Yahoo!, SearchMonkey and Microformats

Both Rasmus and Sara has posts up about a new feature of Yahoo! Search which actually seems to be a step forward in terms of search engine functionality. This will make it possible for 3rd party developers to actually run code on Yahoo!’s servers to enhance their search result for your own page.

The first examples shows how they’ve used Microformats to give a better presentation of businesses available. I’ve previously implemented the hCard microformat at Derdubor, where we have a local directory search for businesses in Norway. All our search hits and profile pages are tagged up in microformats, so that a compliant parser are able to fetch business information and provide it to our users in a proper way. It’s simply great to see Yahoo! add this kind of support for new formats, and I’m already looking forward to playing with it to give better results for pwned.no and a few other projects I’m playing around with.

Christer Goes Bug Hunting

Christer had the pleasure of hunting down a bug in Zend Framework a couple of days ago, and he has just posted a nice article about the bug in Zend MVC Components and how he debugged it. If you’ve never used a debugger before, this article is probably also going to be a bit helpful, and it gives a little insight into how the Zend Framework MVC-components work.

The Power of Micro Languages

A “micro language” is a small, domain specific language. These small languages are often invented on a project basis or carried over from previous projects (or in some cases, a standardized language is used). The power of this comes as we’re able to move the rules of the application from the application logic, and instead can maintain a seperate set of rules independent of the application. This way you can add and remove business rules without having to re-test or rewrite your application. The concept has been around for years, and it’s in use more places than you could imagine, but I see people over and over again which does not see the benefits of separating the rules from the application itself.

These micro languages can be described in a markup language (such as XML), as a subset of other existing languages, or as your own simple-to-parse language. In this small introduction I’ll use an example from the current codebase of pwned.no, a site for arranging tournaments in several different online games.

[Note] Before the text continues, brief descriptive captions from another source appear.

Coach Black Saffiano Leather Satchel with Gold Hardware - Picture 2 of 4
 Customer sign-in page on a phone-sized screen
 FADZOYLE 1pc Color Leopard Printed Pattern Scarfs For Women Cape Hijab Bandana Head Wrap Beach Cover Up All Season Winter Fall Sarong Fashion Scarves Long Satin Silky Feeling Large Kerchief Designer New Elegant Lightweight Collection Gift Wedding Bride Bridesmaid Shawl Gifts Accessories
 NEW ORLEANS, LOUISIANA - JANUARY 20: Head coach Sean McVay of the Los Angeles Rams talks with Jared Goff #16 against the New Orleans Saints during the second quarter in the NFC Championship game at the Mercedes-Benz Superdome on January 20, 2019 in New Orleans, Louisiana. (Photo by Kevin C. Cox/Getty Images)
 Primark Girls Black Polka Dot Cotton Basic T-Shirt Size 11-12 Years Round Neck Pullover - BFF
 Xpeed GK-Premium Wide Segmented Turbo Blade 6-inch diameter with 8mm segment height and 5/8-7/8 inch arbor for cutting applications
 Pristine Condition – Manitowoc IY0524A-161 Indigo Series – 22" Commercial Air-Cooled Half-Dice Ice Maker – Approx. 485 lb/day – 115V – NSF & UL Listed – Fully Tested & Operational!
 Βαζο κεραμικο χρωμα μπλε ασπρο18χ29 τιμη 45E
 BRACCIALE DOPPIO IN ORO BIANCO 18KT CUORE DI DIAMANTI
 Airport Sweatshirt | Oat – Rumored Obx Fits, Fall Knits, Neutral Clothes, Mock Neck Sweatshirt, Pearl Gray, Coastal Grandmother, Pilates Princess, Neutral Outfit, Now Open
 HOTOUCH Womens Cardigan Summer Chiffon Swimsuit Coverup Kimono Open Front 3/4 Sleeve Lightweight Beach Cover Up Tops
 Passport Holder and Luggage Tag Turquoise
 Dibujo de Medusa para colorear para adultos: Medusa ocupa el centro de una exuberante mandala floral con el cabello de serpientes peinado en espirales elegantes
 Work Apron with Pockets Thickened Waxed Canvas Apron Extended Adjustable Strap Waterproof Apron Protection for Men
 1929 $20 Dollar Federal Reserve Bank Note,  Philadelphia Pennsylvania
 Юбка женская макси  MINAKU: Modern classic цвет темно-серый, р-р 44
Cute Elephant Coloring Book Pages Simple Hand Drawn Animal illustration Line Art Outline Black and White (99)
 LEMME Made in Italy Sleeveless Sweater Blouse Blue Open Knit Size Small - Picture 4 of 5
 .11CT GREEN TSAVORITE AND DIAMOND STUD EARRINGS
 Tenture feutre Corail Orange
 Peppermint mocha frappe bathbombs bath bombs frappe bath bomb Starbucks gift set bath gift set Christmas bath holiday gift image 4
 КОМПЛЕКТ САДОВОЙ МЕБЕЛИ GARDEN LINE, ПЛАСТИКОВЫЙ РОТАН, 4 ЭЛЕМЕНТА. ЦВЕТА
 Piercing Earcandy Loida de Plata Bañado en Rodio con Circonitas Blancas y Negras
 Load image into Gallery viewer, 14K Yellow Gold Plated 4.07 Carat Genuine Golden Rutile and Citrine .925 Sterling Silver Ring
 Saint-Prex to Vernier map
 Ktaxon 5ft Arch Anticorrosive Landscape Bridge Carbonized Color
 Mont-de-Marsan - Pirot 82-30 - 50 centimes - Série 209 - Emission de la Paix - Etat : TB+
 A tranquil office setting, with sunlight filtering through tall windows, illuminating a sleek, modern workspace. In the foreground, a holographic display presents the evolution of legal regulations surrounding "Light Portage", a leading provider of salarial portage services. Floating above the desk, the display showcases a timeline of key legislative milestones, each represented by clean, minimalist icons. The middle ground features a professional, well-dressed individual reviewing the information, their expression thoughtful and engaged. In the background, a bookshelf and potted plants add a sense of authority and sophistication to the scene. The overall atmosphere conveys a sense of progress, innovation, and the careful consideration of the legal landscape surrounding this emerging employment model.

When writing the engine that powers pwned.no I wanted to give the users several different options of tournaments to create. You have the regular single elimination tournaments, where winning a match moves you on to the next level, you have the double elimination events, where your team is not out before they’ve lost two matches, and you have the possibility of a group stage where the best teams (and possibly the worst) move on to the finals. Even after this, you realize that you might have situations where you want to combine these different sets of tournaments into a large one (example: elimination -> group stage -> double elimination). Embedding this logic into the application would create an unmaintainable mess of special cases and special handling, and each time I wanted to add a tournament, the possibility of breaking some other tournament were a possibility.

Instead I decided to implement a small language that describes tournaments, a parser to load and process the language and finally store it in an underlying database structure of how the tournament should progress when the next round starts. This meant that the job up front demanded a bit more planning and sketching, but the solution makes the system more flexible and more stable. When someone requests a new tournament format now, I simply create a small file describing the flow in the tournament, and everything works as it should. No code edits, no unit tests that need to be run, nothing at all, as long as the file is a valid tournament description file.

A tournament description file looks like this (for a tournament with a group stage, consisting of eight teams and with a single elimination stage for the two best teams from each group):

ID GROUP8
TEAMS 8
TOURNAMENTSTAGE 3 FINAL
MATCH
.ID FINALE
TOURNAMENTSTAGE 2 SEMIFINALS
MATCH
.ID SEMIFINALE1
.WIN FINALE
MATCH
.ID SEMIFINALE2
.WIN FINALE
TOURNAMENTSTAGE 1 PRELIMINARY_GROUPPLAY
GROUP
.ID GROUP1
.PLACETOMATCH 1 SEMIFINALE1
.PLACETOMATCH 2 SEMIFINALE2
GROUP
.ID GROUP2
.PLACETOMATCH 1 SEMIFINALE2
.PLACETOMATCH 2 SEMIFINALE1

The ID is an internal identifier which is resolved to a string in the currently active language, the TEAMS identifier tells the parser how many teams who can sign up for this tournament, and the rest of the lines are descriptions of the different stages of the tournament. The file can be parsed top-to-bottom, as the identifiers mentioned later in the file already exists higher up in the hierarchy. The .WIN commands tells the parser where the winning team should move next, and the .PLACETOMATCH commands indicates where the different places in the group stage should move next. If I wanted to add a lower bracket too, I’d simply add .PLACETOMATCH 3 LOWERBRACKET1 and a MATCH with .ID LOWERBRACKET1.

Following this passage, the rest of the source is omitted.